===== Records =====

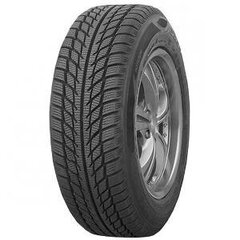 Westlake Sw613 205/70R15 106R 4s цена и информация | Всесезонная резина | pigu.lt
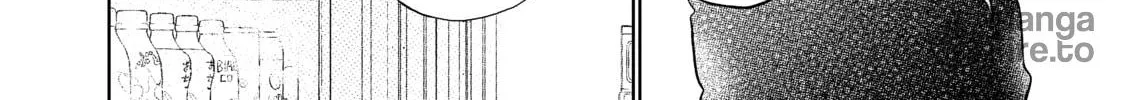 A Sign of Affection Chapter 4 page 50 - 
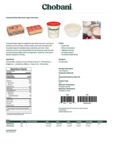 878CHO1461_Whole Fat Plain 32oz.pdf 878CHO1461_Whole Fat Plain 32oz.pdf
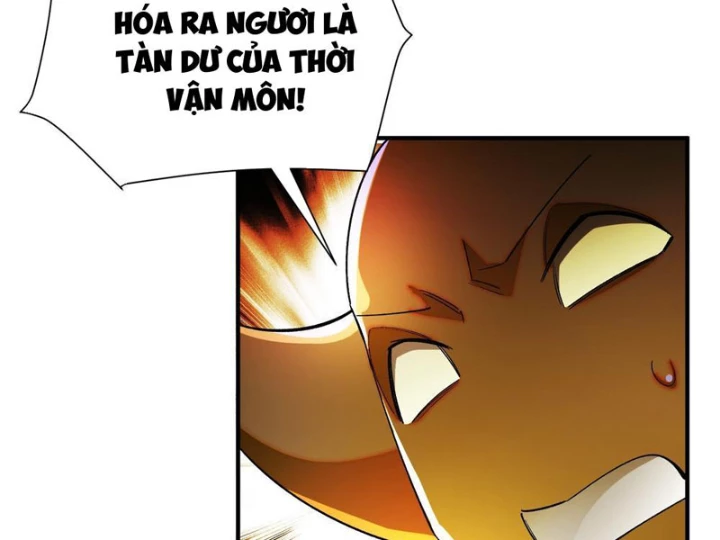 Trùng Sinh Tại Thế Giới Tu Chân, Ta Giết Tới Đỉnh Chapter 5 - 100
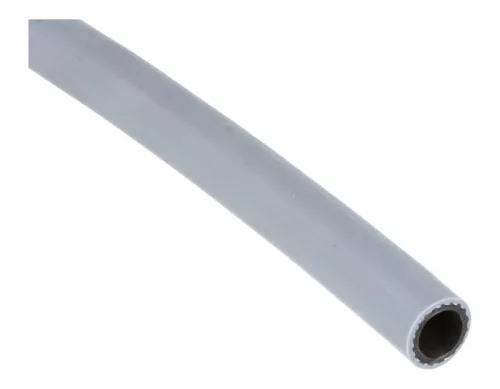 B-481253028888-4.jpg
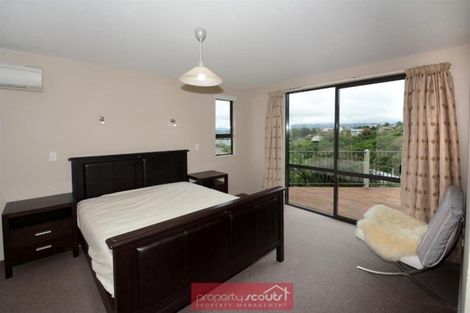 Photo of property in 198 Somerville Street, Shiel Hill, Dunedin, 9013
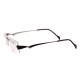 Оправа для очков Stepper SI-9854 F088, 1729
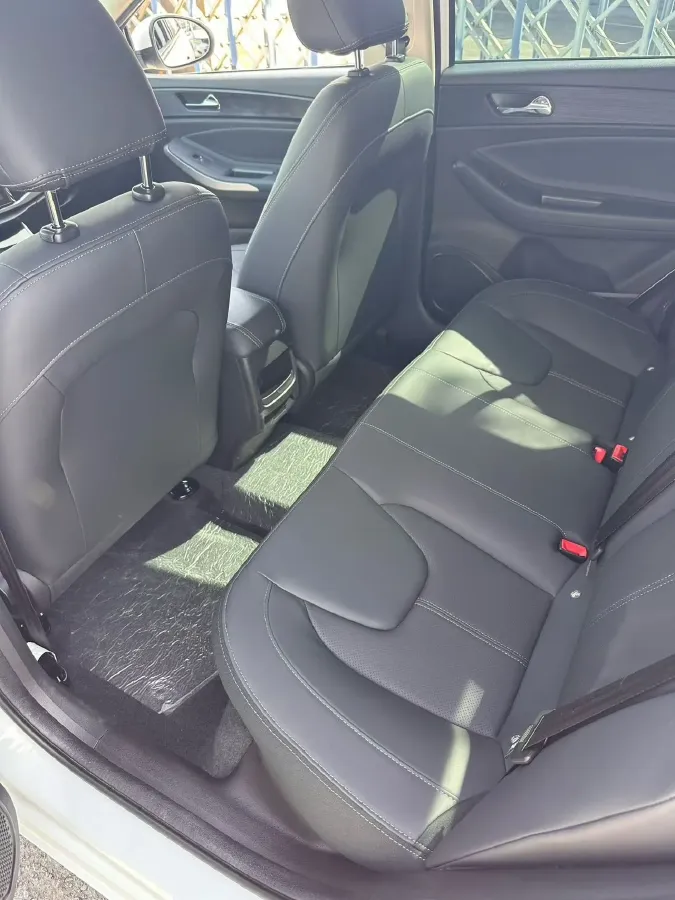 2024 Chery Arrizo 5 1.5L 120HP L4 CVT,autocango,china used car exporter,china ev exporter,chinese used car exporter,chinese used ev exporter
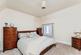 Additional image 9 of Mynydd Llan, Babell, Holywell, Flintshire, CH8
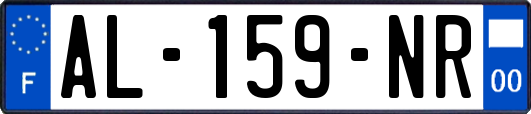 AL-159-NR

=====

● **What to work on**
What is needed here is an exact transcript of the data above, pictures excluded.

● **Solution to this exercise**
 Westlake Sw613 205/70R15 106R 4s цена и информация | Всесезонная резина | pigu.lt
 A Sign of Affection Chapter 4 page 50 - 
 878CHO1461_Whole Fat Plain 32oz.pdf 878CHO1461_Whole Fat Plain 32oz.pdf
 Trùng Sinh Tại Thế Giới Tu Chân, Ta Giết Tới Đỉnh Chapter 5 - 100
 B-481253028888-4.jpg
 Photo of property in 198 Somerville Street, Shiel Hill, Dunedin, 9013
 Оправа для очков Stepper SI-9854 F088, 1729
 2024 Chery Arrizo 5 1.5L 120HP L4 CVT,autocango,china used car exporter,china ev exporter,chinese used car exporter,chinese used ev exporter
 Additional image 9 of Mynydd Llan, Babell, Holywell, Flintshire, CH8
 AL-159-NR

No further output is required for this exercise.